No. 02-15-00296-CR.


Court of Appeals of Texas, Second District, Fort Worth.

Attorney(s) appearing for the Case

Kimberley S. Campbell , for Deairion Johnson a/k/a Kevin Kimp, Appellant.

Debra A. Windsor , Steven W. Conder , for State of Texas.


DO NOT PUBLISH. Tex.R.App. P. 47.2(b)



In this appeal on remand, we are asked whether a State's punishment witness was qualified to testify as an expert and whether the trial court's order authorizing the withdrawal of funds was supported by the judgment. We conclude that the witness was qualified as an expert and that the judgment must be modified to comport with the oral pronouncement of sentence, rendering the order to withdraw funds supported by the modified judgment.
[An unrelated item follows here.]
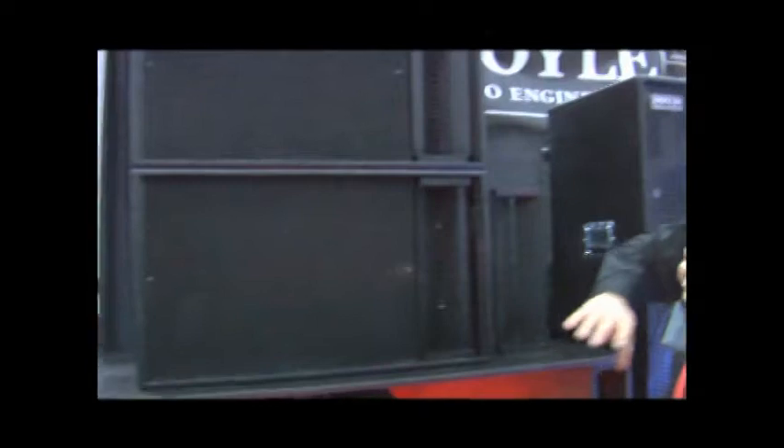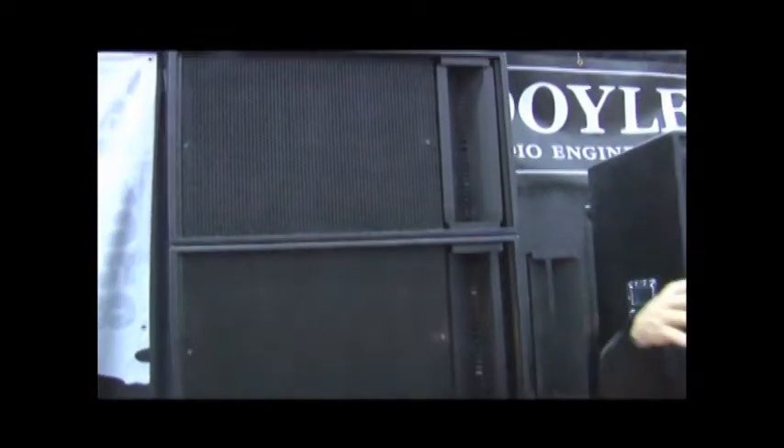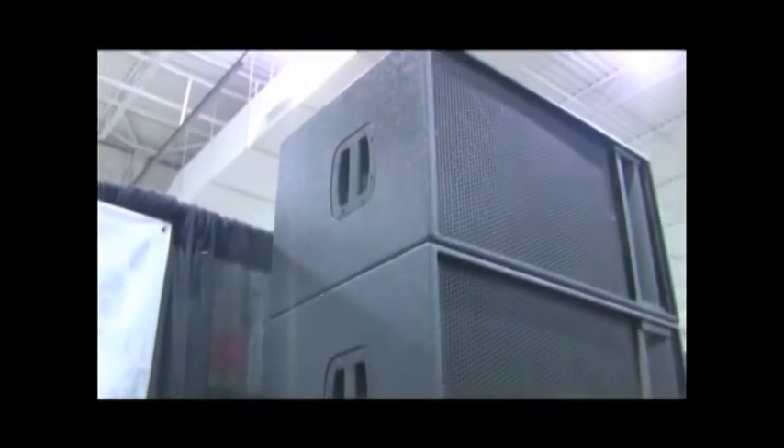It is designed for a company to grow with. So you can start off with just getting one cabinet, and depending on the flare that you purchase, it'll be a 90-degree dispersion or you can actually change the dispersion on it — I'll explain that in a minute. The nice thing about the cabinet is that you can make it either left or right. It's symmetrical. You can also stand it up so that it's upright and works as a point source system.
Appellant Deairion Johnson a/k/a Kevin Kimp2 was convicted by a jury of aggravated robbery with a deadly weapon at a convenience store in Fort Worth. During the punishment phase of trial, the State presented the testimony of Fort Worth Police Officer Christopher Wells, who was a gang-intelligence officer. Over Johnson's objection to his lack of qualifications, Wells testified about gang activity in Fort Worth as well as the tattoos and signs associated with those gangs. Wells opined that Johnson's tattoos identified him as a member of a specific gang that operates in the area where the robbery took place. Further, Johnson was included in a police database as a "documented" gang member.
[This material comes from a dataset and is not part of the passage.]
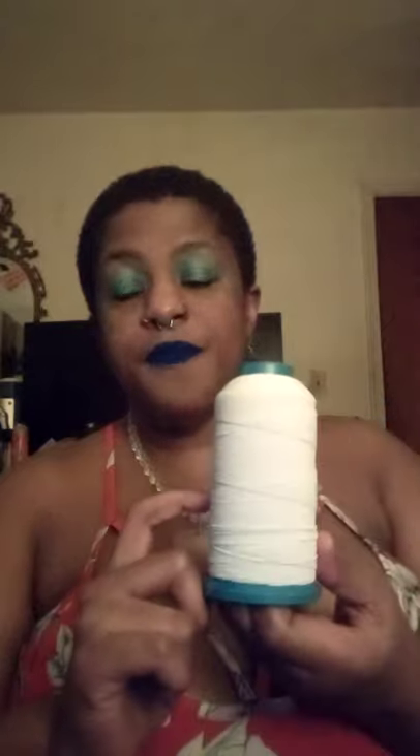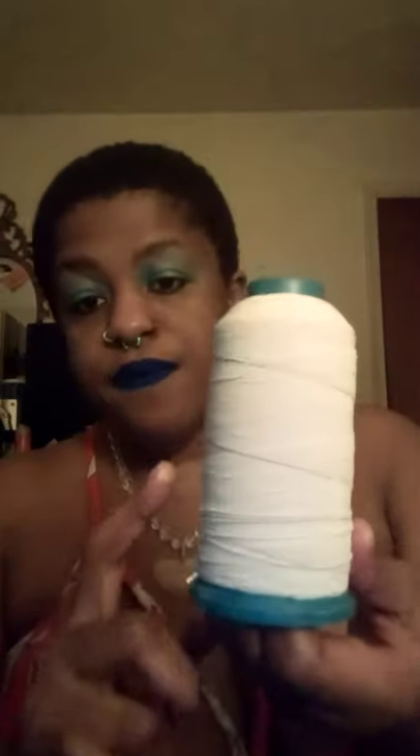I personally use — I think this is a 0.7, if I'm not mistaken — 0.7 nylon elastic string. This is what I use. It's very lightweight, you can double it up, and it's very helpful.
The jury assessed Johnson's punishment at eighteen years' confinement with a $10,000 fine. The trial court entered judgment, sentencing Johnson to eighteen years' confinement, and assessed $299 in court costs. Although the trial court orally pronounced the fine as part of the imposed sentence, it did not include the fine in the written judgment. Johnson filed a motion for new trial, contending that the evidence was insufficient to support his conviction, which was deemed denied. See Tex. R. App. P. 21.8(c).

On appeal, we concluded that the evidence was insufficient to support a finding that the butter knife Johnson exhibited during the robbery was a deadly weapon. Johnson, 2016 WL 3033495, at *3. The court of criminal appeals reversed this conclusion and remanded the appeal to this court for a consideration of Johnson's two remaining issues. Johnson, 509 S.W.3d at 324. In those issues, Johnson asserts that Wells was not qualified to testify as an expert and that the order to withdraw funds, which was an attachment to the judgment, was not supported by the judgment.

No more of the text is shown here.